A lot of debate on the left about the place of the state in Labour thinking doesn’t help here. Arguing – as Tim Horton seemed to in his recent discussion of Blue Labour - about the virtues of centralism or localism, or state-run against mutual forms of organisation makes us forget that what matters is the way people relate to public institutions rather than their formal structure. There are plenty of highly bureaucratic mutuals; just as there are parts of central government provision which are wonderfully responsive to local society.

The core insight of the political philosophy which Maurice Glasman terms ‘blue labour’ is that the relationships we have with each other shapes everything we do; and that Labour politics is about bringing people from different backgrounds, with different interests together, to build relations so they can protect their livelihoods and flourish. A state obsessed by statistical outcomes and performance management targets treats people as bodies or economic units - above all as asocial individuals not people who have a common life together. The argument now shouldn’t be whether the state is a good thing, or even where formal power should lie. Instead it is how we can create a state which is capable of relating far better with ordinary people’s common lives.

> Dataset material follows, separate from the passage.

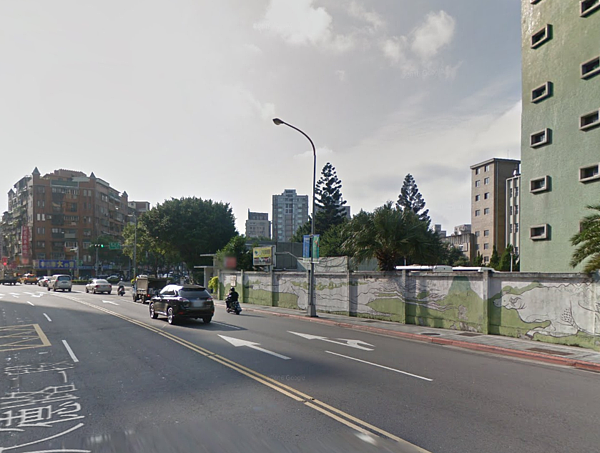 中山女高南側都更提供100戶公宅。(翻攝自Google Map)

This must be the new agenda for Labour public sector reform. It needs some difficult thinking about how public institutions are organised, and how they can expand the scope for real local participation in their management. More importantly, it will involve a long-term change so that the culture of public institutions is relational and respectful not managerial. Why not start by insisting that every public manager has to have at least two long, open-ended one-on-one conversations with patients or service ‘users’ each week about their lives, to get things started?

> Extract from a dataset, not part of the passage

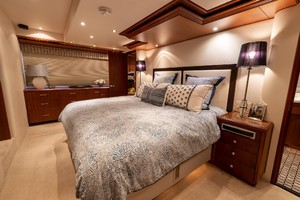 Hatteras 72 - Taz - Master Stateroom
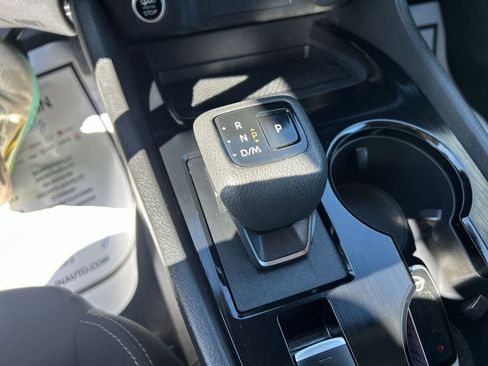 Used 2023 Nissan Rogue S image 25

Democracy must involve more than a local service provider being accountable to a civil servant who is told what to do by a minister – it means treating the public as neither statistics nor patients but as people with stories that need to be recognised and citizens who should have a say in management. The best answer to a postcode lottery is not for Whitehall mandarins to continually increase the details of their instructions to local providers – the most centralised system is incapable of eliminating local variations. Instead, it is to ensure ‘users’ are organised to effectively demand that their local hospital offers the services they are entitled to as citizens. Running through everything a future Labour government does with the public service should be the question: how does this make it easier for people to get together, to develop the social relationships which best allow us to thrive, to create a common life?

David Cameron’s ‘big society’ is based on the liberal idea that people’s capacity for self-government is best exercised outside politics, beyond the state. We need to prove him wrong, by creating a Labour approach to the public sector which makes sure the ‘state’ is interwoven into the fabric of every local society.

Guest post from Jon Wilson, who is a lecturer at King's College London. He is a contributor to the new e-book 'The Labour Tradition and the Politics of Paradox' (PDF)

1 comment:

GS59 said...

"Insisting that every public manager has to have at least two long, open-ended one-on-one conversations with patients or service ‘users’ each week about their lives" has a familiar ring to it. It's, er, what sucessful private sector organisations do all the time: try to understand what motivates the customer. Until Labour understands that the state's direct employment of staff is not a pre-condition for the creation of effective, sensitive and adapatable public services (and is often an impediment), Labour will struggle to convince.